Berita Laskar Keadilan
Penulis : H A S A N
(Kader Penggerak Laskar keadilan)
Laskar.Keadilan.Blogspot.com - Parigi Moutong, Senin, 29 Desember 2025. Laskar Keadilan pada hakikatnya bukan sekadar sebuah organisasi yang dihuni oleh struktur, jabatan, dan periode kepemimpinan yang silih berganti. Ia adalah ruang pengabdian ideologis, moral, dan sosial yang menempatkan kepentingan bangsa dan negara di atas kepentingan pribadi maupun kelompok. Oleh karena itu, menjadi kader Laskar Keadilan berarti menanamkan kesadaran bahwa setiap aktivitas organisasi merupakan bagian dari ikhtiar kolektif untuk menjaga nilai-nilai luhur para pendiri bangsa, Menjaga persatuan, dan kemanusiaan dalam kehidupan berbangsa dan bernegara.
Hakikat kader Laskar Keadilan terletak pada kesadaran bergerak dan berjuang, bukan pada posisi struktural yang disandang. Jabatan dalam kepengurusan—baik di tingkat pusat, wilayah, cabang, anak cabang, maupun ranting—pada dasarnya hanyalah alat pengabdian yang bersifat temporer dan sementara saja. Jabatan bukan tujuan, melainkan amanah yang harus dijalankan dengan penuh tanggung jawab, keikhlasan, dan integritas. Ketika amanah itu berakhir, maka berakhir pula otoritas strukturalnya, tetapi tidak pernah berakhir status pengabdiannya sebagai kader.
Dalam konteks ini, melakukan aktivitas di organisasi Laskar Keadilan harus dimaknai sebagai bentuk pengabdian nyata kepada bangsa dan negara. Pengabdian tersebut terwujud melalui kegiatan Pengkaderan, pendampingan, pembinaan, peningkatan Sumber daya kader serta penguatan kesadaran hukum, serta upaya menjaga stabilitas sosial di tengah masyarakat. Laskar Keadilan hadir bukan untuk memperbesar kepentingan elite internal, melainkan untuk menjadi garda moral dan sosial yang berpihak kepada masyarakat serta nilai-nilai kebangsaan yang luhur.

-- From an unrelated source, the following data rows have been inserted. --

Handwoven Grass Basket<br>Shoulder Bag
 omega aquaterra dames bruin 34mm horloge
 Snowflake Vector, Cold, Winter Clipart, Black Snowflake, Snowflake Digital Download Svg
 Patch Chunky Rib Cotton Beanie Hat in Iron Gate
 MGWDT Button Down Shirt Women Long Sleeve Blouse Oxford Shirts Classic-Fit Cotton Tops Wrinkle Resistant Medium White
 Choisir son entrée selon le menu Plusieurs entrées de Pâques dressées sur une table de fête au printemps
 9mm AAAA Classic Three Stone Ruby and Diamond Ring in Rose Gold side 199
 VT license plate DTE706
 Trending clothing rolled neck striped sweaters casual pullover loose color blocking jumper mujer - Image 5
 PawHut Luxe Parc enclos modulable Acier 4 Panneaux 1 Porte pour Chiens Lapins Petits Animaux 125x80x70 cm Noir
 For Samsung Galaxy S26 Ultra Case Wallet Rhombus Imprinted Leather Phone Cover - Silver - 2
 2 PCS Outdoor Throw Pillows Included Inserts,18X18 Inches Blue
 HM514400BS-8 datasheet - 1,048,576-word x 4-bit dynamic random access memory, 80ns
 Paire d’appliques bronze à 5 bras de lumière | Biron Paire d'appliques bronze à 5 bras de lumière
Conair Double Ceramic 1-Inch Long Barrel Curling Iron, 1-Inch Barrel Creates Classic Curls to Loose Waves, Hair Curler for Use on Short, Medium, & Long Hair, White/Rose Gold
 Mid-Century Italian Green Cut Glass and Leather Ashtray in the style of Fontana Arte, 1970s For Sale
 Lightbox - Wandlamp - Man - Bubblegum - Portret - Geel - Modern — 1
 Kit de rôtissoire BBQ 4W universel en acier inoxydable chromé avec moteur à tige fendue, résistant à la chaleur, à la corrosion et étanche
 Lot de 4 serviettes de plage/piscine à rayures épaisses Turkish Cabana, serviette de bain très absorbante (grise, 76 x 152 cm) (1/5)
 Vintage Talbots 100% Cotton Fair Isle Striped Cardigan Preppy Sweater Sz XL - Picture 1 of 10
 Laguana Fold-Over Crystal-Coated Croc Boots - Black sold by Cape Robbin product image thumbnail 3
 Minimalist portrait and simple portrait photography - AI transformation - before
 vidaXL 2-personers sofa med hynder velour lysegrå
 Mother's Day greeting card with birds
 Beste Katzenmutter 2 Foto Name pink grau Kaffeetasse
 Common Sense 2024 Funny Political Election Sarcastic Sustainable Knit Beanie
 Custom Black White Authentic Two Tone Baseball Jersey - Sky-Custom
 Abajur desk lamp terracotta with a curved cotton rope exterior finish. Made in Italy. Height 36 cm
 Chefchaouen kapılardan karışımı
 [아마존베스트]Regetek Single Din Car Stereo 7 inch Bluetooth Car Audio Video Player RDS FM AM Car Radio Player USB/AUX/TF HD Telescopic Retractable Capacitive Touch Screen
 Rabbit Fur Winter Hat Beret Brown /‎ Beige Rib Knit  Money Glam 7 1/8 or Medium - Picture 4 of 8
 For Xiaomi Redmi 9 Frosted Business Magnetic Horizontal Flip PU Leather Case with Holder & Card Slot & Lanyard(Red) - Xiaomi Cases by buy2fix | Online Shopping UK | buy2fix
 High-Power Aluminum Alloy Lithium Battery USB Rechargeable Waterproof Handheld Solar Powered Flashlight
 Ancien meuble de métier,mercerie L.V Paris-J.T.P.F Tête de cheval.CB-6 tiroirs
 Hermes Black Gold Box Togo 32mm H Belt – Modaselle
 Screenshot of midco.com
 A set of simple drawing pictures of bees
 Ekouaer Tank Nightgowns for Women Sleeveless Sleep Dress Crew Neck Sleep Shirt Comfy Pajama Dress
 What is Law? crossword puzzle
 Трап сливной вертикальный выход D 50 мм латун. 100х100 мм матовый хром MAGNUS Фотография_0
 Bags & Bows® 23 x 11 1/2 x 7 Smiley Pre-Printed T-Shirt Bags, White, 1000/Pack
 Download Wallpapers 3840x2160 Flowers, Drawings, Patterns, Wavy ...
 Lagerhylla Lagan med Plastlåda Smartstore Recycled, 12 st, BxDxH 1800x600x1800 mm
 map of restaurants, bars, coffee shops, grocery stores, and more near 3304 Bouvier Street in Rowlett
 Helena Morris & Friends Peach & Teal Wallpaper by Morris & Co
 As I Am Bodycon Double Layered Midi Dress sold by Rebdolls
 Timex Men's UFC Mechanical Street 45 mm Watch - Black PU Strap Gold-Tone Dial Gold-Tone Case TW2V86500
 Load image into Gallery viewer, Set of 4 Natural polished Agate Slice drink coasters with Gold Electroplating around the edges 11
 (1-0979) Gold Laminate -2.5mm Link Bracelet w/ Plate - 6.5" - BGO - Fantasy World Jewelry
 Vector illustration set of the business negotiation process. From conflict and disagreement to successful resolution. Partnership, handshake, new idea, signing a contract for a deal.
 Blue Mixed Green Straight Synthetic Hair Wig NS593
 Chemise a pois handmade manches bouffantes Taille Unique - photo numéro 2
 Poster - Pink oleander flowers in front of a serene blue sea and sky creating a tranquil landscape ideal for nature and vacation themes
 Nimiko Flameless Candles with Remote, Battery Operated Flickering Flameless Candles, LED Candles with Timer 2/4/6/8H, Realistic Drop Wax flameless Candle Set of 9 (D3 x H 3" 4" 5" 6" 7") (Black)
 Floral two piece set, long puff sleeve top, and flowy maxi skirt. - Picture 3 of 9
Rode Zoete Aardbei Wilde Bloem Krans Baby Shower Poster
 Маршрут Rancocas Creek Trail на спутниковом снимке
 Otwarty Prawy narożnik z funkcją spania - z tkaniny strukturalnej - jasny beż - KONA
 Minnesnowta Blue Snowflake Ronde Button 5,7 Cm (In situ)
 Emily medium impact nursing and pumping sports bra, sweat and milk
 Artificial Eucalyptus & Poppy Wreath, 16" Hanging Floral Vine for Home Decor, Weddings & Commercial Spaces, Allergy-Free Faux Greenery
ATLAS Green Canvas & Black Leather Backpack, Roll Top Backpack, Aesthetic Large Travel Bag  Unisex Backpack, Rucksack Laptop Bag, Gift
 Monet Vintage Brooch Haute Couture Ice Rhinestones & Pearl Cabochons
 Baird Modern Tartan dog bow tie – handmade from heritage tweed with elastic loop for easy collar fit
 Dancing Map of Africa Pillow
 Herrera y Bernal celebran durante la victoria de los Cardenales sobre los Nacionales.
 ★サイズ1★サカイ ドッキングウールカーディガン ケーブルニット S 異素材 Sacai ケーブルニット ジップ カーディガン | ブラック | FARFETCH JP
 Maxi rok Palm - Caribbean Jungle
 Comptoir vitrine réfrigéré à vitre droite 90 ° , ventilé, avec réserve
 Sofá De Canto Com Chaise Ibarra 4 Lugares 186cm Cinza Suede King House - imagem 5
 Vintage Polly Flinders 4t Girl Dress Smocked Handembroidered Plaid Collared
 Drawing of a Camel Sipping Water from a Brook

Oleh karena itu, kader yang pernah menjabat sebagai pimpinan pada seluruh tingkatan struktural memiliki tanggung jawab moral yang berkelanjutan. Selesainya masa jabatan tidak boleh dimaknai sebagai selesainya keterlibatan. Justru pada titik inilah kedewasaan berorganisasi diuji: apakah seseorang tetap setia berada di barisan kader, atau justru menjauh karena kehilangan jabatan. Kader sejati adalah mereka yang tetap berdiri di barisan, bekerja dalam sunyi, dan bergerak berjuang tanpa harus selalu atas nama jabatan.
Kembalinya mantan pimpinan ke barisan kader merupakan cerminan dari kematangan ideologis dan kerendahan hati. Sikap ini menegaskan bahwa Laskar Keadilan bukan organisasi yang dibangun di atas kultus jabatan, melainkan di atas loyalitas nilai dan komitmen gerakan perjuangan. Dengan kembali menjadi kader, para mantan pimpinan dapat berperan sebagai teladan, sumber pengalaman, serta penjaga kesinambungan nilai-nilai organisasi bagi generasi berikutnya.
Lebih jauh, keberlanjutan kaderisasi dalam Laskar Keadilan sangat ditentukan oleh sikap para seniornya. Ketika mantan pengurus tetap aktif sebagai kader, mereka memperkuat soliditas organisasi dan mencegah lahirnya fragmentasi internal. Kehadiran mereka di barisan kader menjadi perekat moral yang menumbuhkan rasa persaudaraan, saling menghormati, dan kesadaran bahwa semua kader adalah setara dalam pengabdian, meskipun berbeda dalam peran dan waktu.
Pada akhirnya, Laskar Keadilan hanya akan kokoh apabila seluruh kadernya memahami bahwa organisasi ini adalah jalan pengabdian, bukan tangga ambisi. Jabatan datang dan pergi, tetapi nilai gerakan perjuangan harus tetap hidup. Kader Laskar Keadilan, baik yang sedang menjabat maupun yang telah selesai mengemban amanah, sejatinya berada dalam satu barisan yang sama: barisan pengabdian kepada bangsa dan negara. Inilah hakikat sejati kader Laskar Keadilan—setia bergerak berjuang, rendah hati dalam peran, dan teguh dalam nilai, sepanjang hayat pengabdian.